Isto talvez não esteja muito longe da verdade. Uma das muitas criações bem humoradas do genial quadrinhista brasileiro Laerte Coutinho, Overman traz em si uma evidente familiaridade com o gênero, cujas mazelas disseca sem piedade. Assim, em vez de um milionário que vive em uma mansão, sob a qual dispõe de uma imensa caverna onde colocar os seus diversos apetrechos tecnológicos, o herói nacional mora em uma pensão no Ipiranga, dividindo o quarto com seu amigo Ésquilo. Em vez de ter a mente sempre alerta, deixa-se enganar facilmente por amigos e inimigos. Longe de ser um poço de virtude, é vítima fácil de seus vícios e instintos - afastem-se dele às sextas-feiras! - e age por motivos pessoais e normalmente mesquinhos.
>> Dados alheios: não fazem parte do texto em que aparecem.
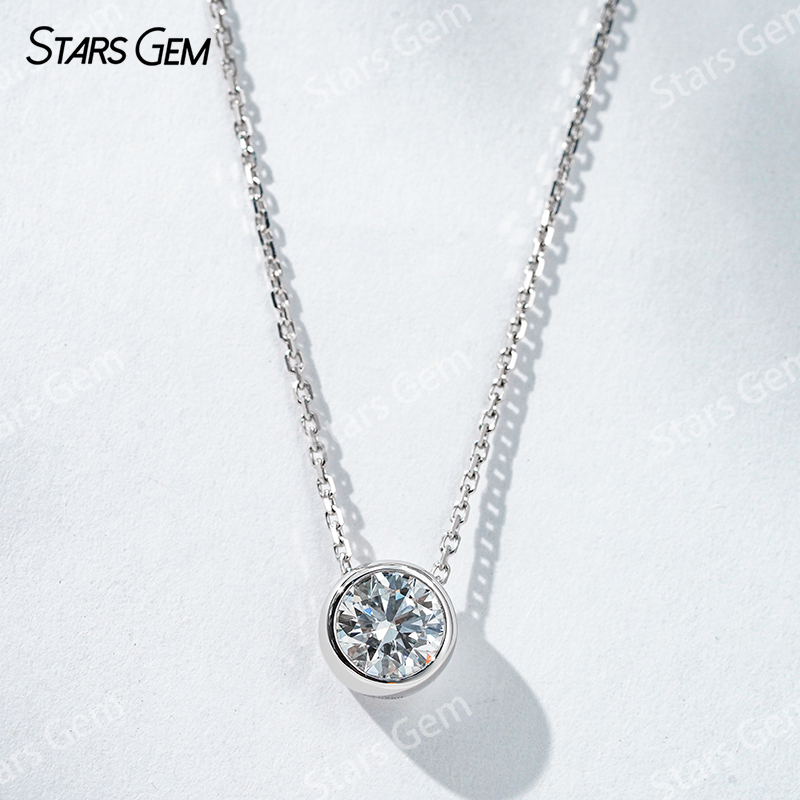 18K Gold 6.4mm 1.0ct Round Bri - Bezels Set Pendant reseña y precio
Seus inimigos, da mesma forma, são incomuns: o diminuto Maníaco Flatulento, que polui o ar com seus gases intestinais; a estonteante Pane, que destrói os aparelhos eletrônicos apenas com o olhar; e o Capitalista Imundo, que suja o ambiente com suas imundícies. Isto, para não falar de sexo, violência e mediocridade (com os quais ele celebra uma trégua, pois ninguém é de ferro...).
O apogeu de uma era
No entanto, as peculiaridades de herói e vilões não representam o único atrativo das aventuras de Overman. Especialmente interessantes são, também, as excursões metalingüísticas que Laerte faz no próprio ambiente dos quadrinhos, como o capítulo O apogeu de uma era, em que o autor relata a evolução do aventureiro, desde sua suposta aparição em 1959 até o momento atual, reproduzindo as fases que vários super-heróis dos quadrinhos mainstream tiveram que enfrentar (a criação por parte de um desconhecido autor, que vende a personagem por uma migalha para uma grande editora, o aspecto rústico inicial, a troca de desenhistas, a evolução nos anos 60, acompanhando a liberação de costumes, a busca de alternativas mercadológicas para melhora nas vendas, etc.). Outra tirada interessante é a reprodução de uma carta de leitor fanático, que aponta uma discrepância nas aventuras do herói. Todo o conjunto é levado aos leitores com um humor fino e irônico, uma das maiores características do autor, talvez a grande responsável por seu sucesso junto aos leitores.
O autor
Laerte Coutinho é um nome consagrado dos quadrinhos brasileiros, sobre quem muito pouco é necessário dizer, pois é muito conhecido do público leitor. Atuando em quadrinhos desde 1970, quando colaborou na revista Sibila, passando depois, nos anos seguintes, pelo antológico fanzine Balão, que fundou na USP em parceria com Luis Gê, e participação nas publicações Banas e Placar, além de intensa participação na imprensa sindical. Em anos de intensa produção artística, colecionou diversos prêmios e teve participação decisiva nas principais publicações de quadrinhos do país, destacando-se os gibis Circo e Piratas do Tietê, esta última concentrando personagens de sua autoria. Tem trabalhado regularmente para diversos jornais no país, destacando-se na Folha de São Paulo, onde, em 1991, lançou a tira Piratas do Tietê. Além destas últimas, ele tem também outros tipos muito populares, destacando-se Hugo, Gato e Gata, os moradores do Condomínio e Fagundes.
Overman, protagonista do álbum lançado agora, vive suas aventuras há cinco anos no jornal Folha de São Paulo, tendo já mais de 400 tiras publicadas. O álbum apresenta uma seleção de 150 tiras, agrupadas segundo temas específicos, enfocando o local de moradia do herói, seus inimigos, seus vícios, suas dificuldades pessoais, sua vaidade, entre outros.
Overman - O Álbum, O Mito é publicado pela Editora Devir, com produção editorial da Jacarandá Edição e Design. No formato 21X 28 cm., a publicação tem 48 páginas coloridas, e custa R$ 23.00.